Wo kauft man am besten die Gans?
Wir beziehen unsere Gänse direkt vom Bauern im Nachbarort. Dort leben die Tiere mit viel Auslauf auf der Wiese, ernähren sich von Wiesenkräutern und finden ab und zu auch einen Wurm – die beste Grundlage für aromatisches Fleisch. Da eine ganze Gans (ca. 5 kg) oft für 8 bis 10 Personen reicht, ist eine einzelne Gänsebrust ideal für kleinere Haushalte.
Auf einen Blick
- Portionen: 4
- Zeit: ca. 2–3 Stunden (plus Würzen am Vortag empfohlen)
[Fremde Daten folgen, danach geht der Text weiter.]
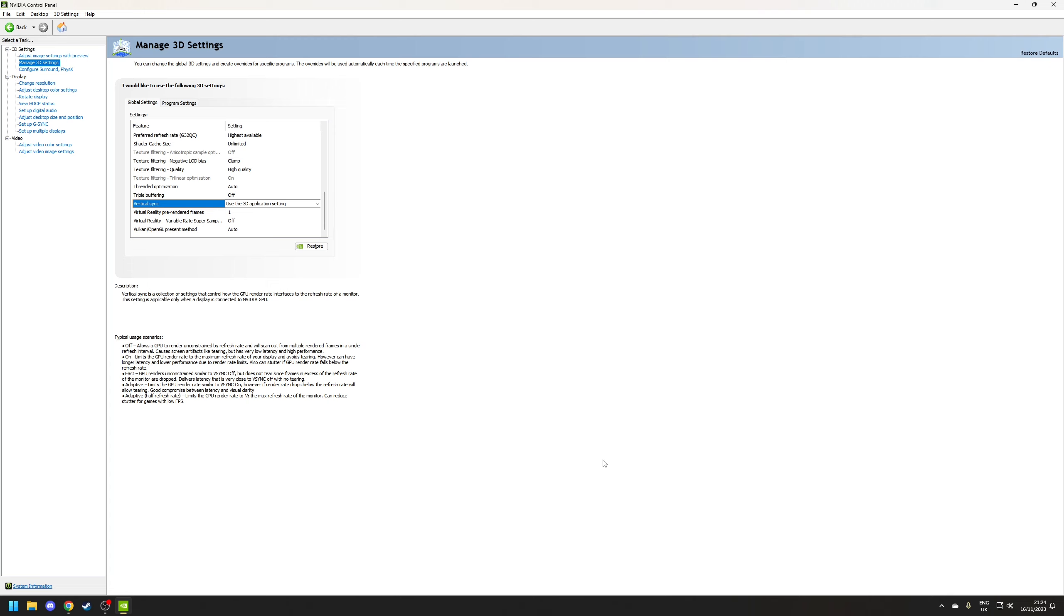Now some people do prefer to have screen tearing just to avoid the input lag especially in the competitive gaming world but my recommendation is to set this option to use the 3D application setting.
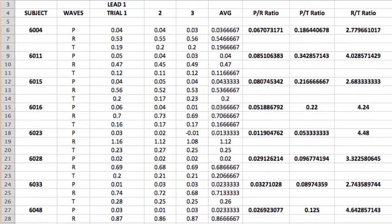ECG waveforms of my fellow classmates were obtained with their consent and we calculated the peak amplitudes of P, R, and T waves. To our surprise, the fiducial ratios calculated from those amplitudes — such as P/R, R/T, and P/T — were found to be unique for each subject, which motivated us to produce EBAD as a proof of concept.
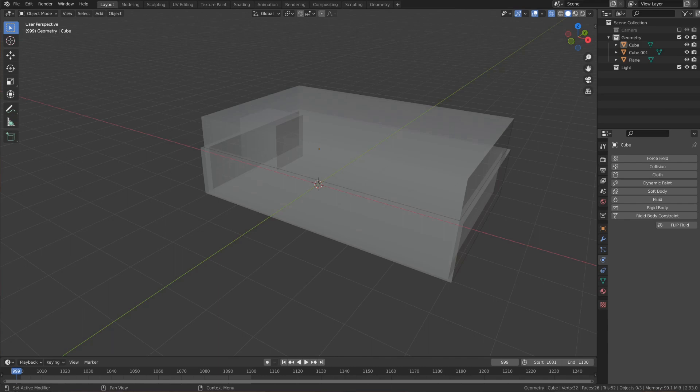If you want to use Flip Fluids and Vortex together you need to make sure that you have the right blender version and add-on version. The blender version needs to be at least version number 2.93 and to verify if we have the correct Flip Fluids version we first need to add the domain.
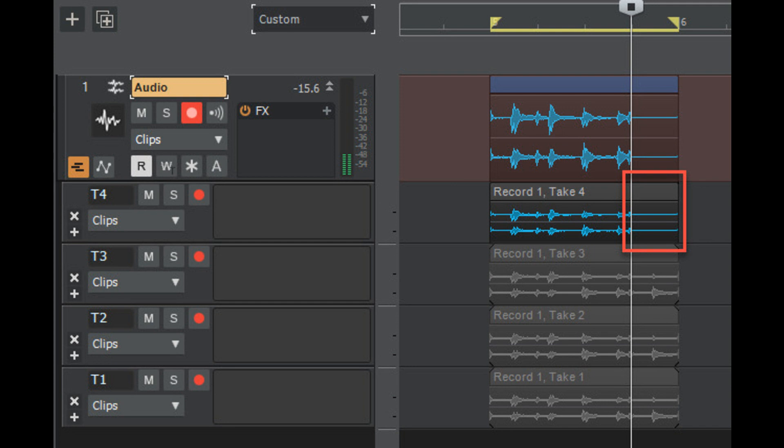2022.06 Highlights: Automatically extend final take when loop recording in comping mode. When loop recording in comping mode, the last take now automatically extends to the loop end time if more than one loop iteration was recorded. This prevents previous takes from being split at the transport stop time, and makes comping much easier because each take is a complete clip.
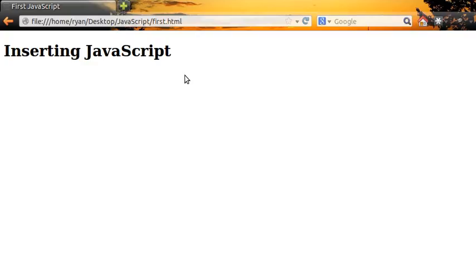And that ends the very first lesson of JavaScript. How to insert JavaScript into your document.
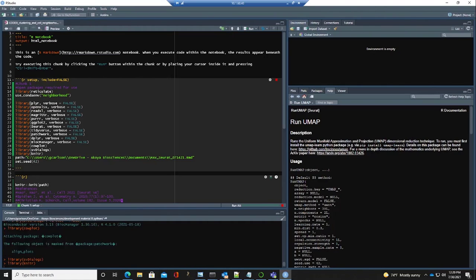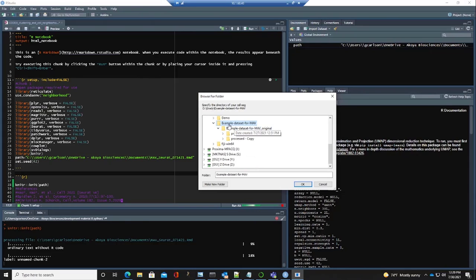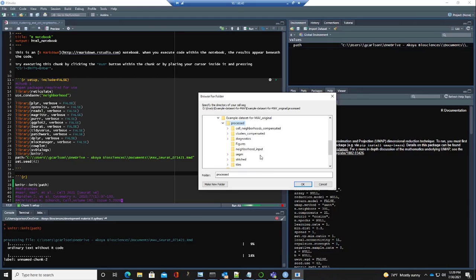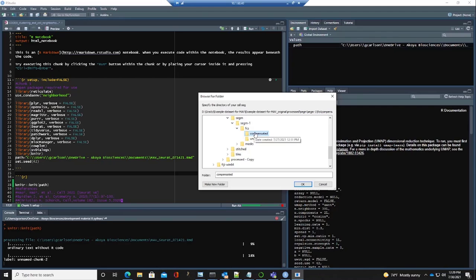We're opening the libraries. Now it's going to ask for our single-cell data from CODEX. Those single-cell data are located inside our experiment file — here we're using the example dataset for MAV, the processed folder, segmented data, segment one, FCS compensated. MAV is always going to export your single-cell data to this location. Now we need to type in the name of the saved file — let's type in Seurat Demo.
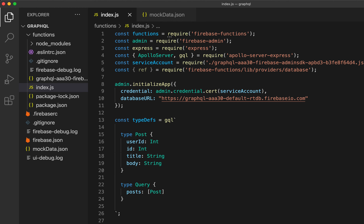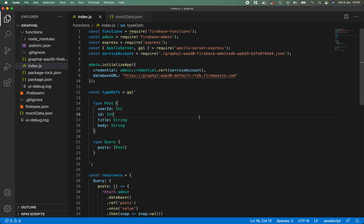All that remains is to export our Firebase function. We'll call exports.graphql and set it to functions.https.onRequest passing in our app — graphql is just the name of our endpoint. At this point we could actually deploy our Firebase function, but instead I'm going to test and run this locally using the emulator built into the CLI.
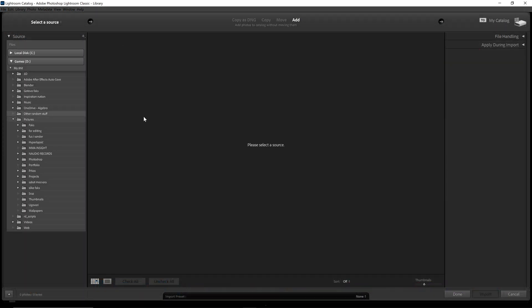And then here, you can drag and drop your files right into this window right here.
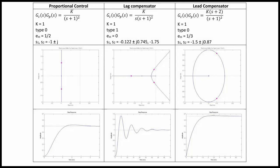Here we have several examples. The first is proportional control. Assume the plant is 1/(s+1)^2 and the controller is K. If K = 1, we have a type 0 system with a steady-state error of 1/2, and the closed-loop poles are at -1 ± j. The step response has a long settling time and a slight overshoot. Converting to a lag compensator gives K/s where K = 1 — a type 1 system. The benefit is that the steady-state error goes to 0, with poles at -0.122 ± j0.745 and -1.75. The step response now has some overshoot but a faster settling time.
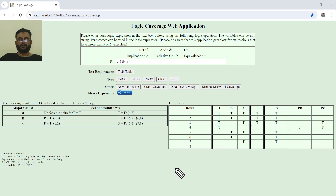We have completed the discussion on class coverage for logical expressions, and in the next video I will come up with some other interesting topic. Thank you very much.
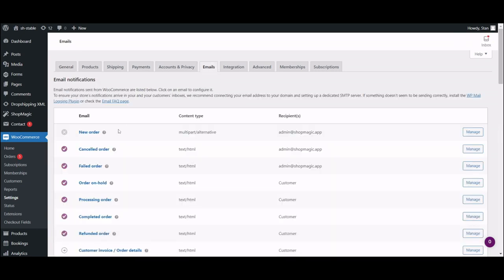A new order email, so the one that we'll be customizing, should appear at the top of the list. Let's click on it and see what's inside.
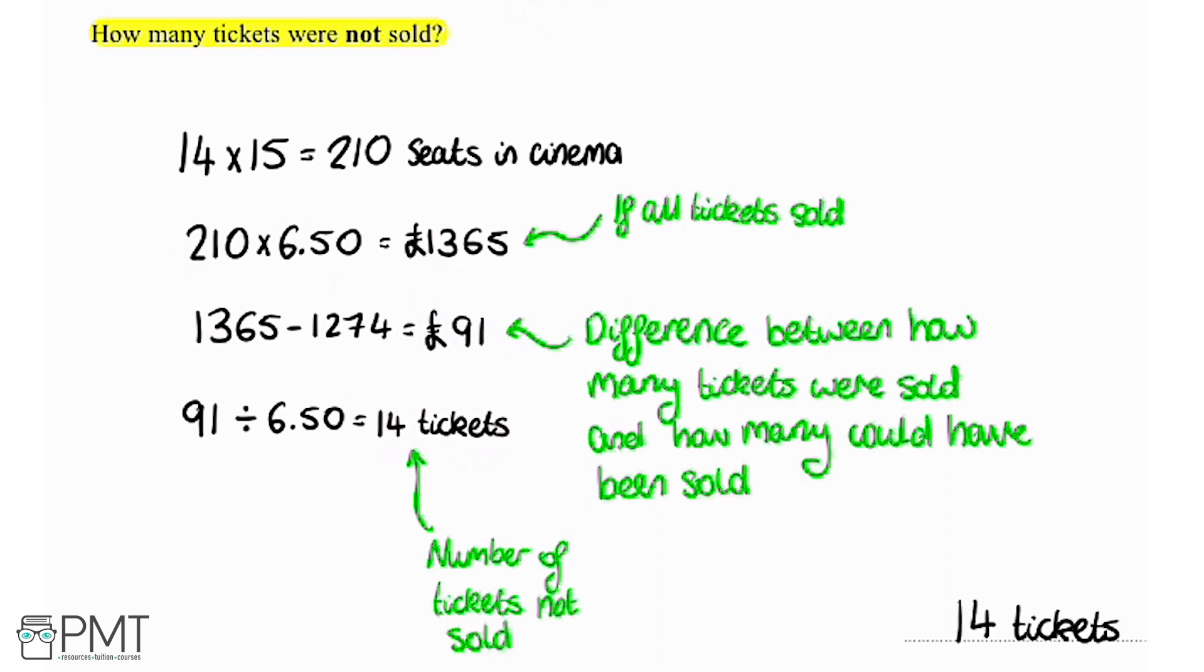So we got our first mark up here for starting off the process, working out the total number of seats in the cinema. The second mark for the rest of our working here and the final mark for the correct answer of 14 tickets.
- Schwierigkeitsgrad: mittel (Thermometer hilft)
- Küche/Style: Festtagsküche · Niedrigtemperatur · Winter
Zutaten
Für die Gänsebrust
- 1 Gänsebrust
- 1 EL Thüringer Majoran
- 1 EL Thymian
- 1 EL Beifuß (selbst sammeln aus Wildwuchs in der Region)
- 1 TL Kümmel, grob zerstoßen
- 1/2 TL Rote Gewürznelken
- 1 Rosmarinzweig
- 10 Blätter frischer Salbei
- Berg Ingwer (zur Zeit nicht verfügbar)
- Dak Lak Pfeffer
- 1–2 Knoblauchzehen
- 1 Zwiebel
- Salz nach Bedarf
Für die Beilagen
- 400 g Maronen
- 2 Boskop Äpfel
- 1 Zwiebel
- 500 g Rosenkohl
- 1 EL Butter
- Muskatnuss
- Dak Lak Pfeffer
- Salz nach Bedarf
Benötigte Utensilien
- Fleischthermometer
- Bräter oder Auflaufform
- Pfanne (zum Anbraten)
Zubereitung
- Am Vortag würzen (empfohlen):
Gänsebrust mit fein geschnittenem Knoblauch, Zwiebel und den Gewürzen einreiben: Majoran, Thymian, Beifuß, Salbei, Rosmarin, Kümmel, Nelken und Dak Lak Pfeffer. Abgedeckt kühl lagern – so entfalten die Kräuter ihr volles Aroma. - Haut einschneiden & anbraten:
Haut rautenförmig einschneiden, damit sich das Fett gut lösen kann. Gänsebrust auf der Hautseite in einer Pfanne bei mittlerer Hitze anbraten, bis sie goldbraun ist. - Niedrigtemperatur garen:
Gänsebrust in den Bräter legen und bei 80–90 °C (Ober-/Unterhitze, ohne Umluft) garen. Thermometer in die dickste Stelle stecken und auf eine Kerntemperatur von 75–80 °C achten. - Maronen-Apfel-Beilage:
Maronen kreuzweise einschneiden, ca. 20 Minuten in Salzwasser garen, schälen. Im ausgelassenen Gänsefett mit gewürfelter Zwiebel und Äpfeln andünsten. Mit Gemüsebrühe ablöschen und 10–15 Minuten köcheln lassen. - Rosenkohl:
Rosenkohl putzen, ca. 20 Minuten dünsten und in Butter schwenken. Mit Muskat, Dak Lak Pfeffer und Salz abschmecken. - Servieren:
Ist die Kerntemperatur erreicht, Gänsebrust kurz ruhen lassen, in Scheiben schneiden und mit Maronen und Rosenkohl servieren.
Tipp: Schnelle Sauce aus dem Bratensatz
Wer mag, kann aus dem Bratensatz eine feine Sauce für Kartoffelklöße ziehen: Sud mit etwas Brühe lösen, leicht einkochen und mit einem Stück kalter Butter aufschlagen.
Festtagsaroma aus Kräutern & Pfeffer
Majoran und Thymian geben klassische Wärme, Kümmel und Nelke runden aromatisch ab, und Dak Lak Pfeffer sorgt für eine klare, würzige Tiefe. Genau diese Balance macht Festtagsküche so besonders.